The stocking is started at the top, with the welt, an extra-thick section for gartering. Reducing the number of needles at the ankle, then adding needles at the heel, and again reducing the number through the foot shape to the fabric.
The modern fully-fashioned machine was made from 1940-1960 by Reading Machinery Company in Reading, Pennsylvania, who stopped production of the machines in the early 1960's. In 1959 and the early 60's to purchase one of the later models, the R100, the cost was a little over $750,000 each, minimum 4 machine order.
The length of the machine is about 45 feet long, and it could make 30 stockings concurrently. The company started out in its early days making a single section which made one stocking. Soon after machines added length, to make 15 (half section machines) stockings, and then went to full section machines (30 stockings).
Gio manufactures their Fully Fashioned stockings on the original 1950's Reading machines (from the old Aristoc factory). These are 57 feet long and have to be kept at a constant temperature of 80F during the knitting operation. Each machine has 30 knitting heads that can each produce just 15 pairs of 15 denier stockings in an hour. There are fewer than ten working machines in the world today; and, there are now believed to be only 4 manufacturers of Fully Fashioned stockings in the world, two of which are in Derbyshire.
The Process:
1. Fully Fashioned stockings are knitted white, each stocking is then sewn by hand on a machine by experienced seamists. The 'finishing loop' at the top back of the stocking is a result of the finishing process, and is created because the seaming machinist has to finish the seam by turning the welt in a circle.
2. Next the stockings are dyed in large vats and dried.
3. Although the stockings are knitted to the shape of a woman's leg, they are also "boarded" - each stocking is put on a dummy of a leg and steamed at a high temperature to tighten the knit, define the leg shape and remove creases.
4. Finally each stocking is checked again for quality control, and then matched with a pair of identical size and carefully packed for sale.
Heel Types
There are four different styles of reinforcing for a stocking heel; these are all based on a small triangular reinforcement extending slightly up the back of the ankle.
1. French point heel: this can just be called a "Point Heel" or "French heel" and sometimes a "swing heel". A basic triangle with the point extending up to the seam of the stocking.
2. Cuban heel: Similar in shape to the French heel except the Cuban heel is flat at the top.
3. Havana heel: similar to the Cuban heel in shape except that the Havana heel is wider than the Cuban.

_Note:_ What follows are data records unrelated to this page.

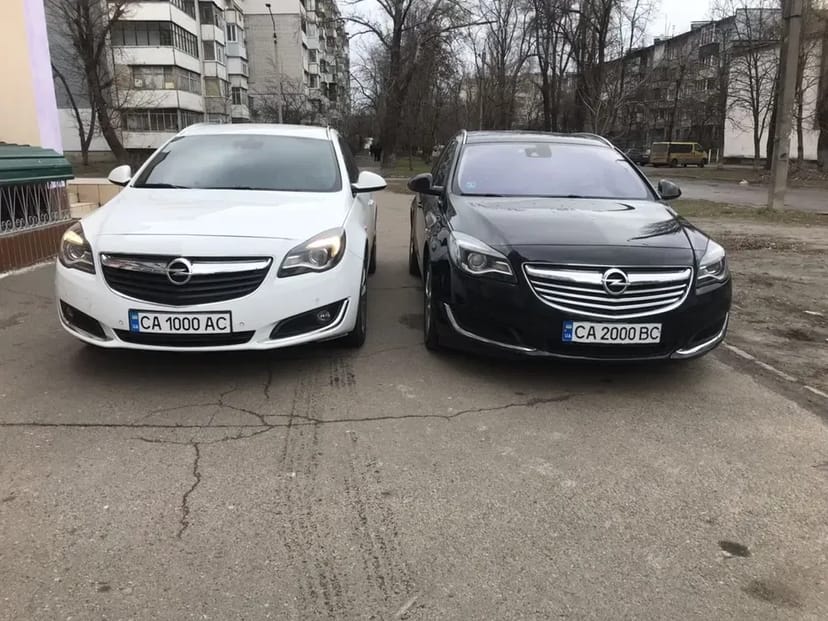 Послуги пасажирські перевезення на автобуси та мікроавтобус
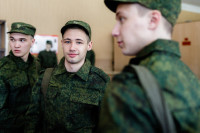 «Дедовщина» в современной армии практически себя изжила — Путин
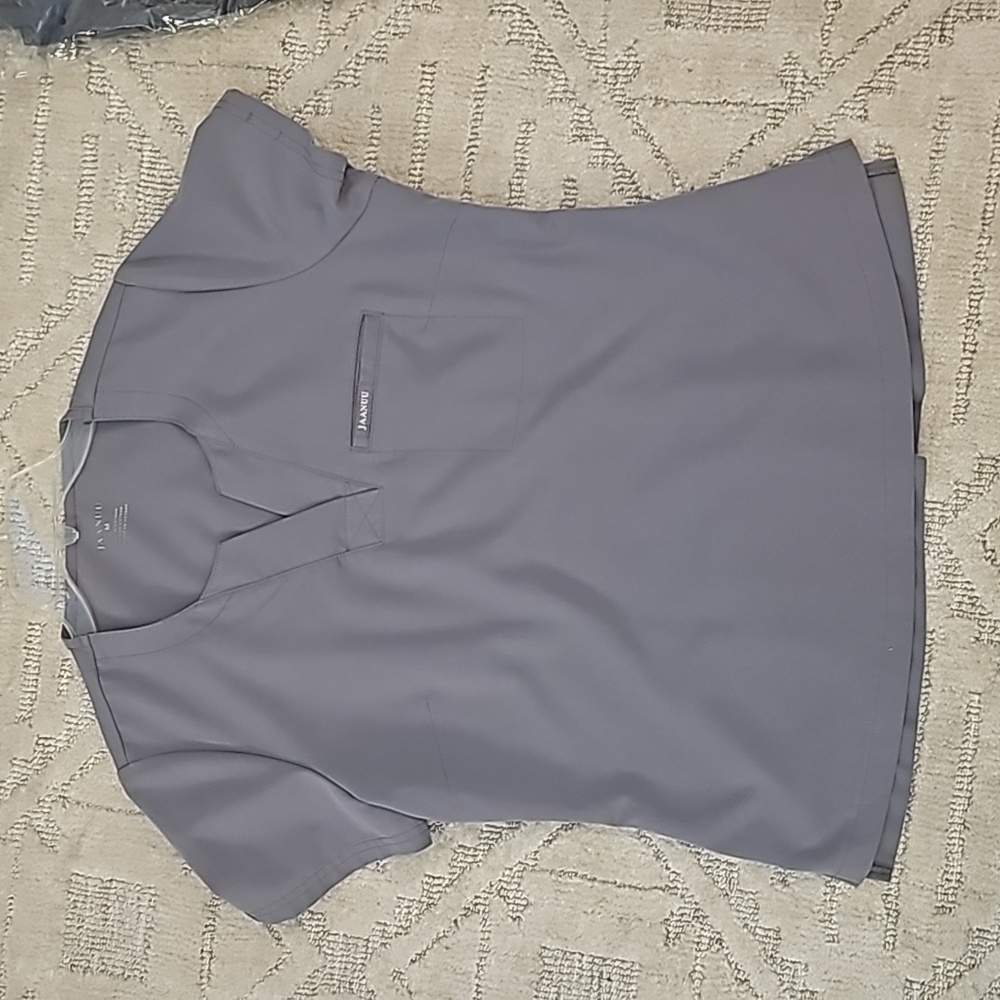 Jaanuu scrub top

4. Manhattan heel: This is similar to the Cuban heel however the Manhattan is fancier with a additional row of stitching around the edge, it is suppose to resemble a Manhattan skyscraper.
Anatomy of fully fashioned stockings:
Welt:- Reinforced area at the top of a stocking where the stocking is clipped onto the garter. Usually a double thickness of fabric folded over at the top and sewn onto the stocking above the run guard.
Finishing Loop:- Hole at the top of the seam where the seaming machinist finished the seam and turned the welt in a circle.
Run Guard:- A narrow strip below the welt designed to catch any runs which may develop. (see Under Welt)
Fully fashioned leg
Reinforced heel, toe and foot:- Much of the wear on a pair of stockings is where the foot touches the toes and shoe; so hosiery manufactures added reinforcement to these area in a attempt the extend the life of the stocking. This reinforcement starts off going over the toe area and continuing under the ball of the foot to the heel and going up the back of the ankle to join into the seam. By 1960 stockings knitted without the seam still had reinforcement--they are called RHT stockings.